• **Given information**
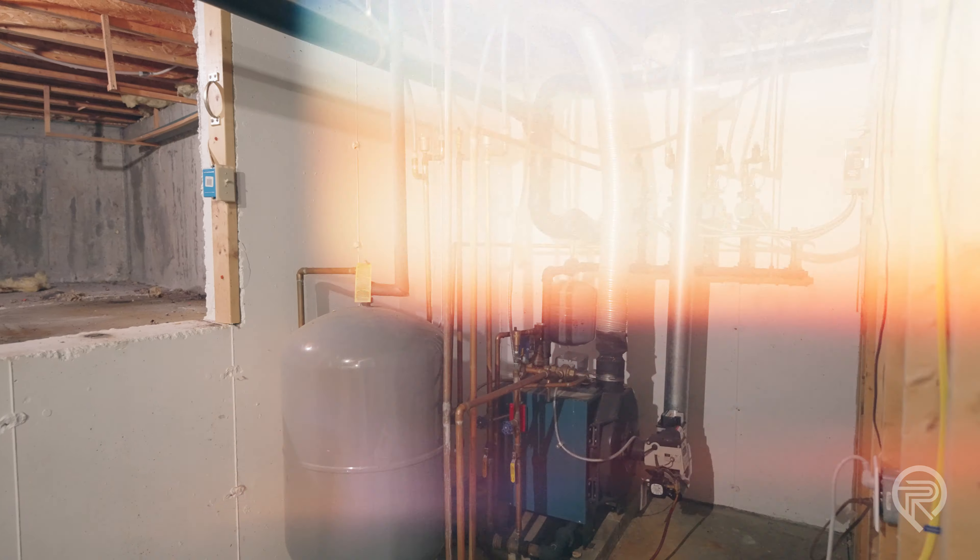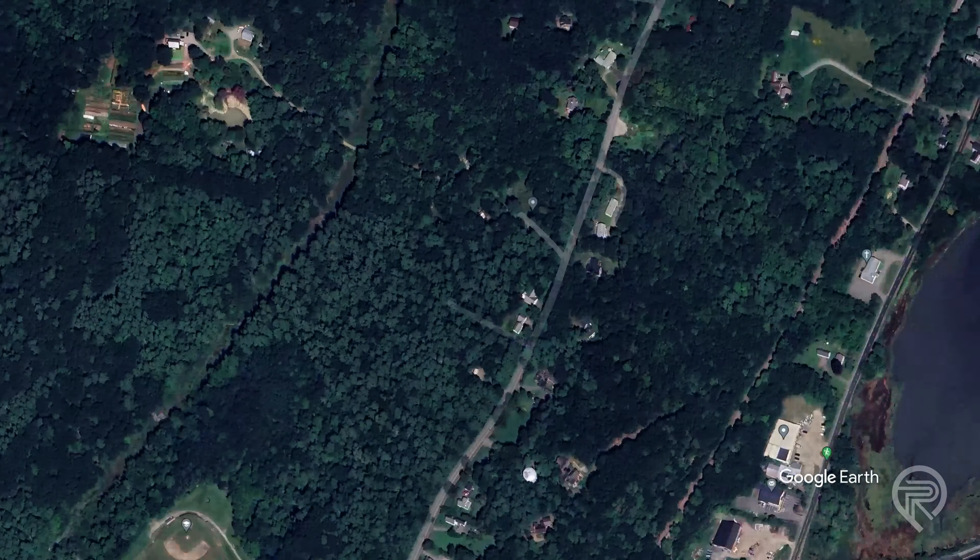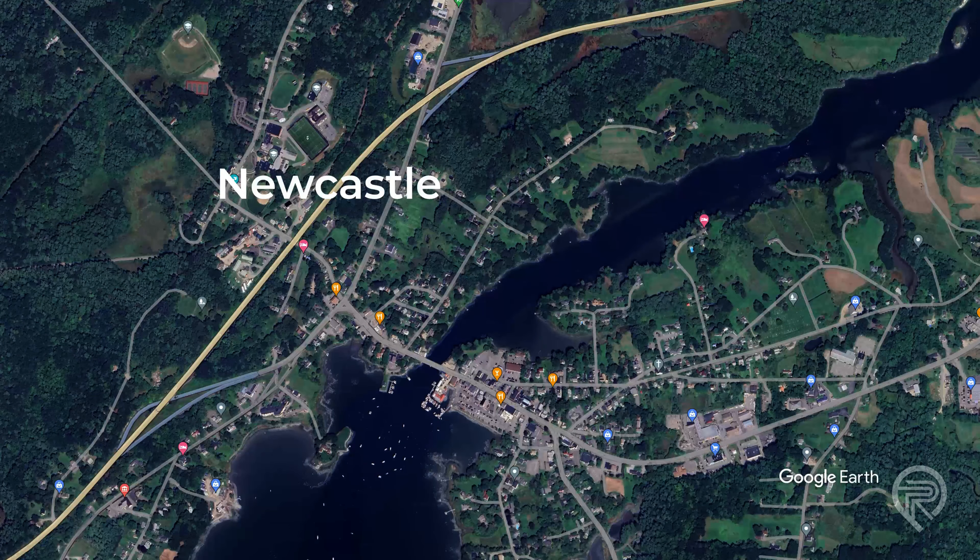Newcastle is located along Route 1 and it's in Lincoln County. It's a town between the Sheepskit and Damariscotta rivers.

...

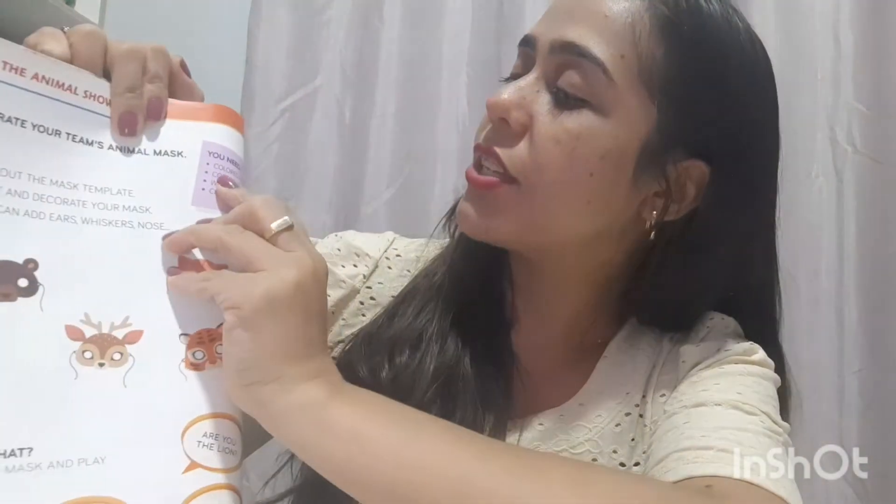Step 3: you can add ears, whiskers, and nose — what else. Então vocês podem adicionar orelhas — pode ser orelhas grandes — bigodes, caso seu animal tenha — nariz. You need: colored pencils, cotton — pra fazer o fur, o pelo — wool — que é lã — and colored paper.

---

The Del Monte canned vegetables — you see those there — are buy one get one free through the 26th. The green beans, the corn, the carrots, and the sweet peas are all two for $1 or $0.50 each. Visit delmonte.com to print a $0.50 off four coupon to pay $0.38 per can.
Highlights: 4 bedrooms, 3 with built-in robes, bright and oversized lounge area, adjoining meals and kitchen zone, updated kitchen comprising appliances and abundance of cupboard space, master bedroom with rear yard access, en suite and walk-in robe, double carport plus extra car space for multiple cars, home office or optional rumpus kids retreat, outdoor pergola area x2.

• **Problem**
Please copy, exactly and with nothing else, the lines above beginning at the line that has "The Del Monte" and ending with the line that has "Highlights: 4 bedrooms, 3".

• **Exercise output**
The Del Monte canned vegetables — you see those there — are buy one get one free through the 26th. The green beans, the corn, the carrots, and the sweet peas are all two for $1 or $0.50 each. Visit delmonte.com to print a $0.50 off four coupon to pay $0.38 per can.
Highlights: 4 bedrooms, 3 with built-in robes, bright and oversized lounge area, adjoining meals and kitchen zone, updated kitchen comprising appliances and abundance of cupboard space, master bedroom with rear yard access, en suite and walk-in robe, double carport plus extra car space for multiple cars, home office or optional rumpus kids retreat, outdoor pergola area x2.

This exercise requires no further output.